I definitely agree with Ed that every fish is at least slightly different.  I think it helps a lot to have an assortment of filet knives to fit the species and the size fish you are working with.  With redfish and large snapper, I will usually make the first cut behind the head through to the backbone to the fish throat with a filet knife with a serrated blade.  These fish have thick scales and will dull a regualar filet knife pretty quickly.  From there I will use a standard filet knife of a length that is proportional to the size of the fish. After the first cut you can work under the skin of the fish and get a smooth cut.  My longest blade is probably 14 inches, and my shortest around 8 inches.  On large snapper I generally use three knives, and I always start with very sharp knives.  Speckled trout are pretty easy, and one good standard filet knife will knock them out.  

I'm not bad at fileting fish as far as amateurs go.  In fact, I thought I was pretty good until I watched some pros that made their living cleaning fish in Cabo - and some here in the gulf coast area.  They are REALLY good, and REALLY fast.  I watched them filet some mahi and blackfin tuna quicker than I could peel a shrimp.  

If any of you are just learning, it would be time well spent to go watch some pros do their thing.

.


----------



## kyheirloomer (Feb 1, 2007)

_If any of you are just learning, it would be time well spent to go watch some pros do their thing

_If nothing else it will teach you humility!

But as with all things in life, the more you do it, the better at it you become.
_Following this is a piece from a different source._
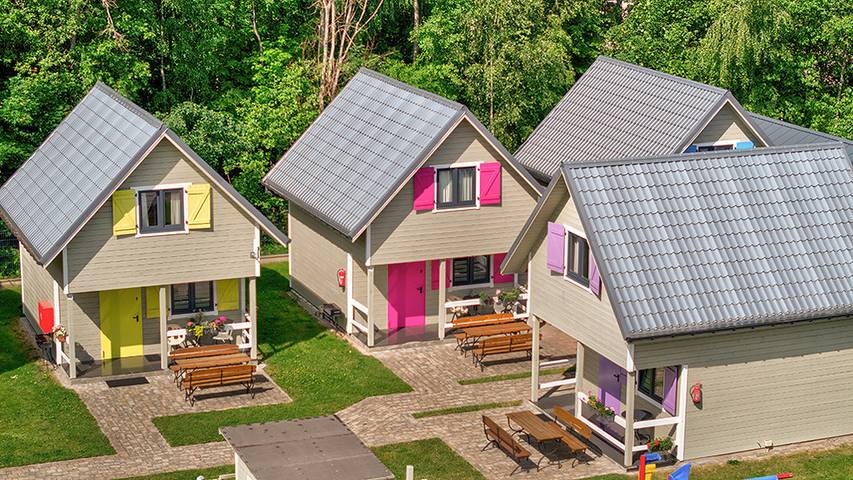 Ferienhaus für 6 Personen, mit Terrasse - 1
And those guys do a lot of fileting.


----------



## boar_d_laze (Feb 13, 2008)

There are a lot of different ways to do fish.  If a long, thin, knife is necessary, or serrations for that matter, pity all the sushi guys who are doing it wrong.

BDL


----------



## kyheirloomer (Feb 1, 2007)

I don't think anyone is claiming a particular blade is _necessary_, BDL. They're talking about what they use, and why it works for them.

Take OldPro's last post. I don't think I've ever even seen a filet knife with a serrated edge. I've certainly never used one. But if that's what works best for him, then it's the best tool for the job.

I know many fishermen---both sport anglers and professionals---who don't use anything for fileting except an electric knife. They are neither right nor wrong. They're just using what works best for them. And if they belonged to this community I'm sure they'd be explaining why their choice makes sense. But they wouldn't be claiming that an electric knife is necessary to do the job.

I've fileted more than my share of fish using a chef's knife. Would I reach for one as my first choice? Not on your life. For me, a filet knife (smooth edged) is the first choice, followed, in certain situations, by my 8" slicer. Are those necessary? Absolutely not. But for me they make the job faster, easier, and more precise.

All that aside, however, there is a reason why they're called filet knives. No, they're not necessary. But they were designed to perform that specific task; and do it very well.

FWIW, no matter what you choose, knifewise, if you want the ultimate test of your fileting skills, work on a triggerfish or three. You might decide that a straight razor and a Skill saw are actually necessary tools.


----------



## oldpro (Nov 23, 2009)

Ditto on cleaning triggerfish.  We will usually keep a few when we fish the rigs offshore because of their quality on the table.  Another tough one to clean is the sheepshead, which is also worth the trouble.  A good friend was in New Orleans recently and got the "bay snapper" on the special.  It was so good he asked the waiter what it really was.  Turned out to be sheepshead.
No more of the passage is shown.